| Exercise description |
Apart from the pictures, every entry must be retyped exactly.
Data shown START
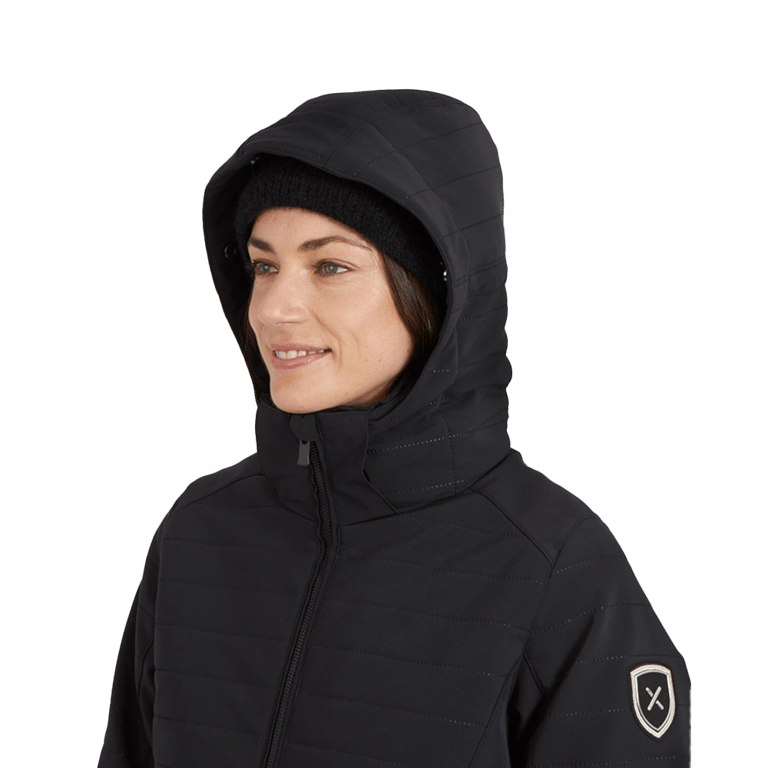 Vallee Ski Jacket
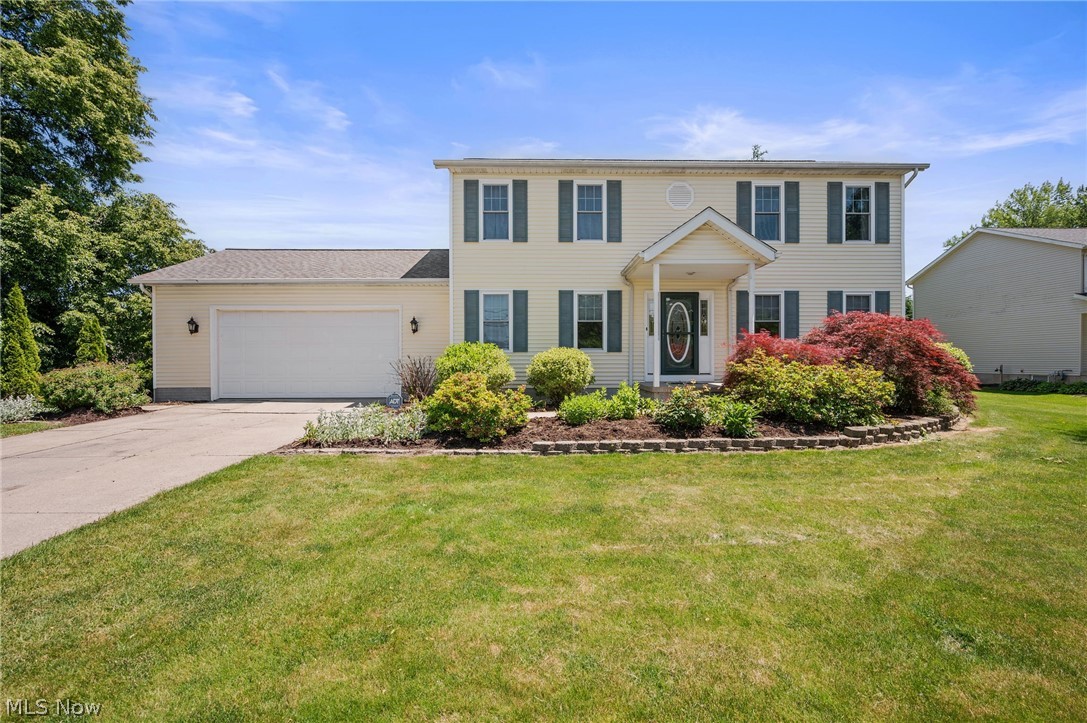 3791 Center Road Perry OH 44081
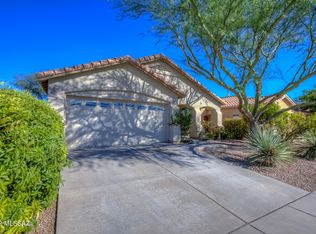 10583 E Geyer Willow Rd, Tucson, AZ 85747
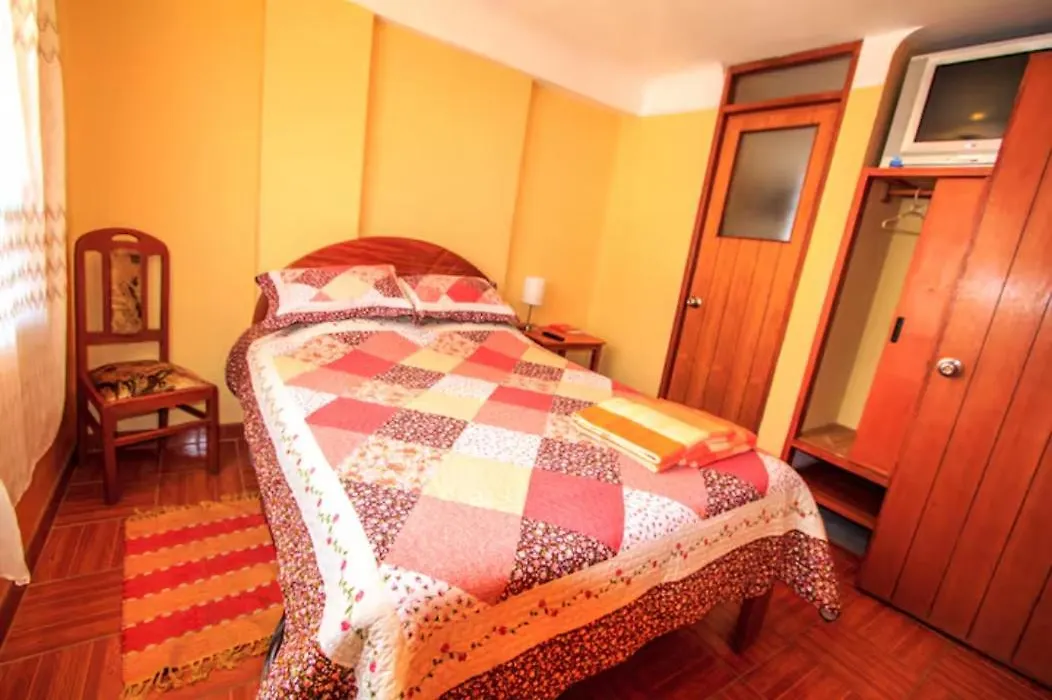 La Casa de Momo-1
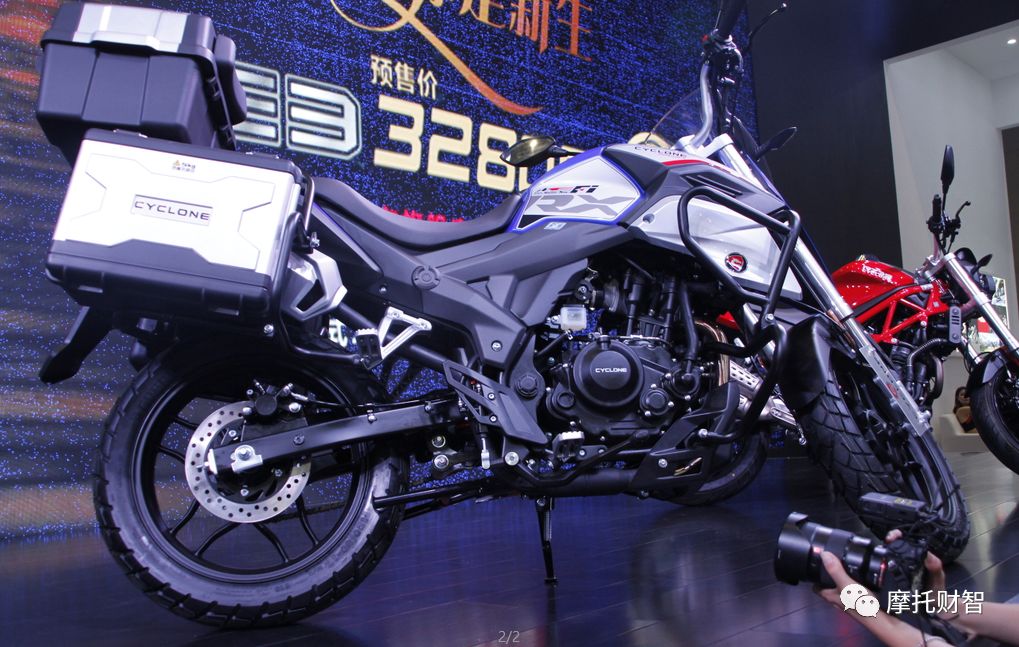 宗申诺顿双缸复古摩托车,宗申到底怎么样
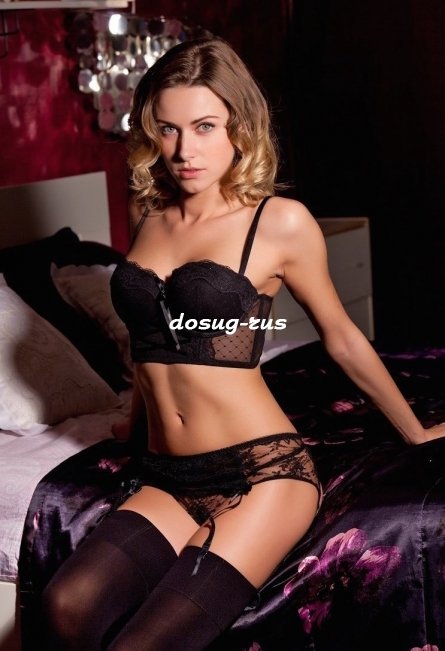 Индивидуалка: Марина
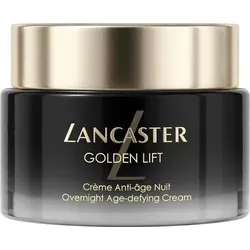 Lancaster Golden-Lift Overnight Age-Defying Cream 50 ml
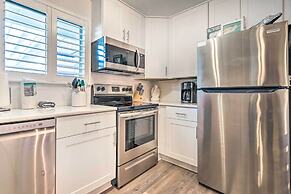 Pools, Tennis + Beach Access: Hilton Head Escape!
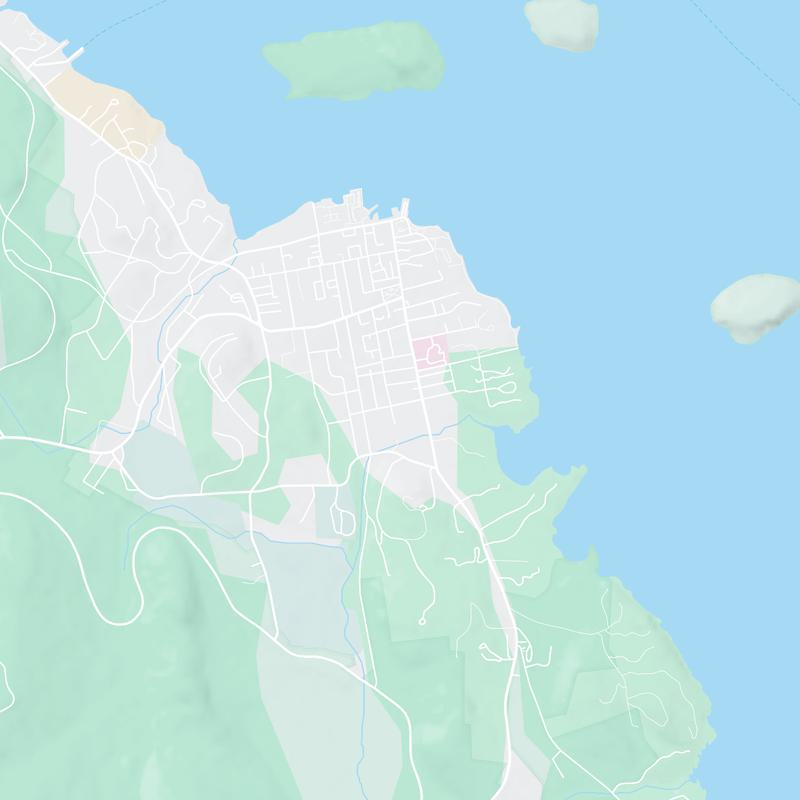 21 Park Street, Bar Harbor, 04609, ME, United States map image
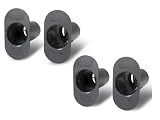 APC AR8444 Kabelverwaltungsspule (Packung mit 4)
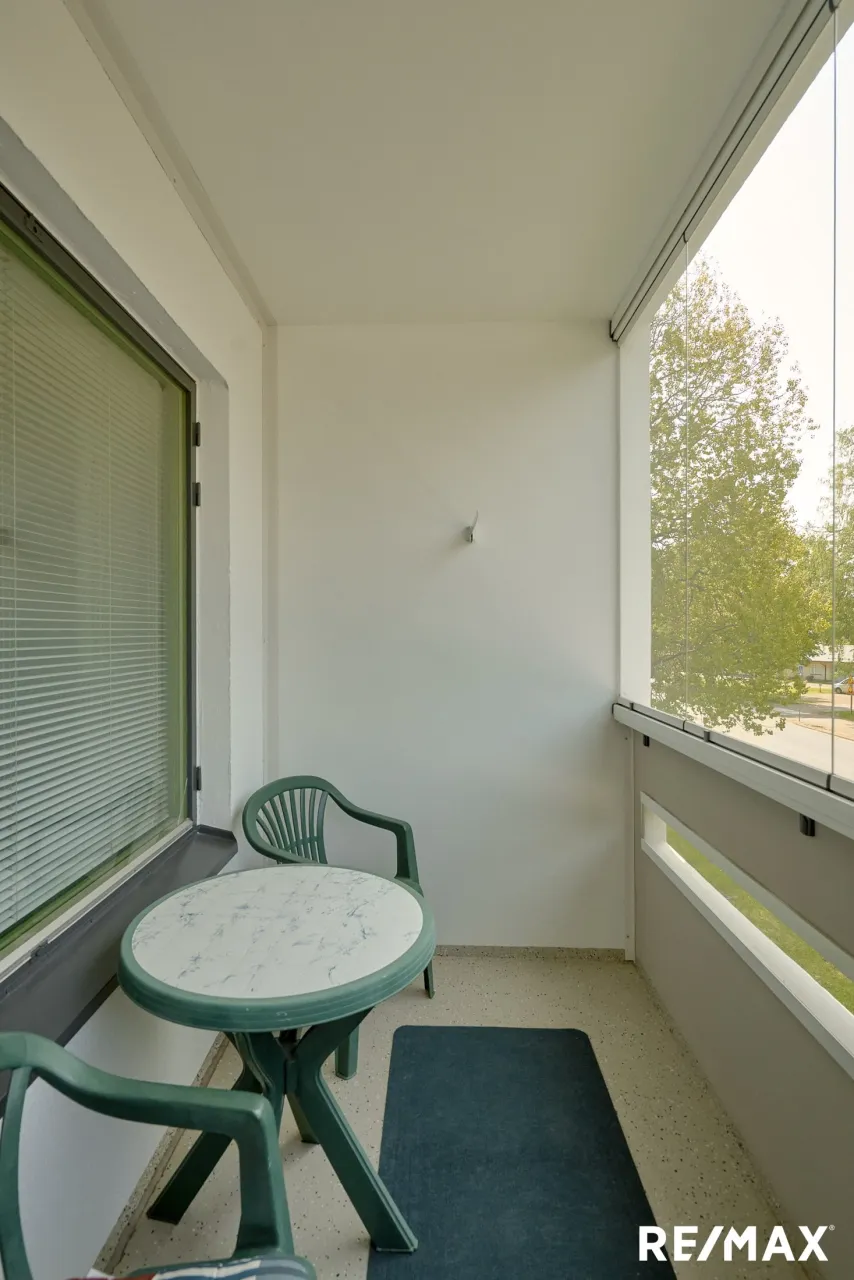 Квартира в Котке, Финляндия, 72 м² - фото 2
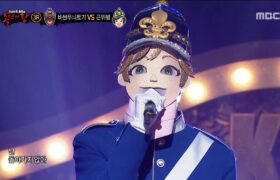 [All Video & Fancam] รวมวีดีโอการแข่งขันของแจฮวานในรายการ King of Masked Singer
Data shown END
| Task solution |
 Vallee Ski Jacket
 3791 Center Road Perry OH 44081
 10583 E Geyer Willow Rd, Tucson, AZ 85747
 La Casa de Momo-1
 宗申诺顿双缸复古摩托车,宗申到底怎么样
 Индивидуалка: Марина
 Lancaster Golden-Lift Overnight Age-Defying Cream 50 ml
 Pools, Tennis + Beach Access: Hilton Head Escape!
 21 Park Street, Bar Harbor, 04609, ME, United States map image
 APC AR8444 Kabelverwaltungsspule (Packung mit 4)
 Квартира в Котке, Финляндия, 72 м² - фото 2
 [All Video & Fancam] รวมวีดีโอการแข่งขันของแจฮวานในรายการ King of Masked Singer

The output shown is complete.